Fino alle nubi
Riscalda il cuore sapere che il Signore «ascolta la preghiera dell’oppresso, non trascura la supplica dell’orfano, né la vedova, quando si sfoga nel lamento» (Sir 35,15-17). La sua accoglienza benevola fa salire in alto la preghiera, che arriva «fino alle nubi».
In un tempo in cui siamo tutti molto irritabili, nervosi e di corsa - complice la continua iperconnessione e la fatica di un sano digital detox –, ascoltare le parole del libro del Siracide fa quasi improvvisamente cambiare prospettiva. Questa lode alla preghiera del povero – oggi diremmo, con Francesco, dello “scartato” – è come un balsamo per l’anima. Ti fa recuperare le giuste proporzioni delle cose. Ti aiuta a vedere le stesse cose di prima con maggiore fiducia.
È quel senso sapiente della misura delle cose della vita e nel rapporto con Dio che è decisamente sfuggito di mano al pubblicano della parabola lucana (cf.
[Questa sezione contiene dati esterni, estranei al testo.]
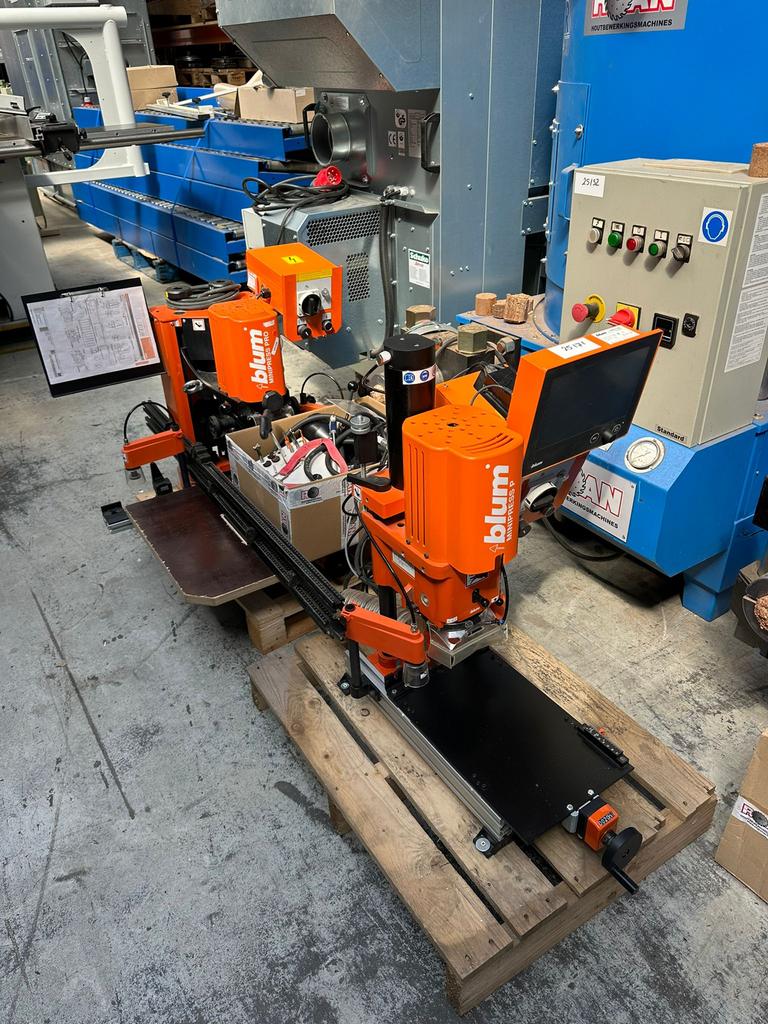 Blum mini press meerdere op voorraad, Ophalen of Verzenden, Gebruikt, Boormachine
Lc 18,9-14). Come quasi sempre accade nelle parabole, le cose sono presentate in modo talmente esagerato da far entrare subito in empatia con il povero pubblicano, che si ferma a distanza, non alza gli occhi al cielo e si batte il petto in modo sincero.
Luca avvisa il lettore che la parabola è stata pronunciata per smascherare coloro che attorno a Gesù avevano «l’intima presunzione di essere giusti e disprezzavano gli altri». Un antico vizietto che si è infilato anche tra le righe dei discepoli. E di qualche nostalgico tradizionalista. "Essere giustificati" nella tradizione giudaica vuol dire essere trovati giusti davanti a Dio. E questo, scrive Paolo ai Filippesi (cfr. Fil 3,9), è possibile solo per grazia e non per meriti personali.
Vale anche per oggi? Forse bisogna aggiornare un poco il linguaggio, ma la sostanza non camabia. Tendenzialmente a ben vedere tutti ci sentiamo così poco “a posto” con il Signore e con gli altri, al punto che questo rischia di diventare una sorta di alibi collettivo per non impegnarsi più per la giustizia ed il bene: "Il mondo va a rotoli? E che ci posso fare?". Siamo diventati esperti in autoassoluzione e una riflessione sul sacramento della confessione pubblicata su Avvenire qualche giorno fa lo ha ricordato. Chiamando in causa (giustamente, per una volta) anche i preti.
Le nostre vite sono diventate così terribilmente complicate, vero! Però la parabola ricorda che quello che salva è l’umiltà del cuore, non le giustificazioni che possiamo presentare per le nostre libere scelte.
È la consapevolezza del limite che fa salire la preghiera. Ma è la certezza nella fede di essere accolti con infinita benevolenza così come siamo, poveri peccatori, che la trasforma in danza di lode!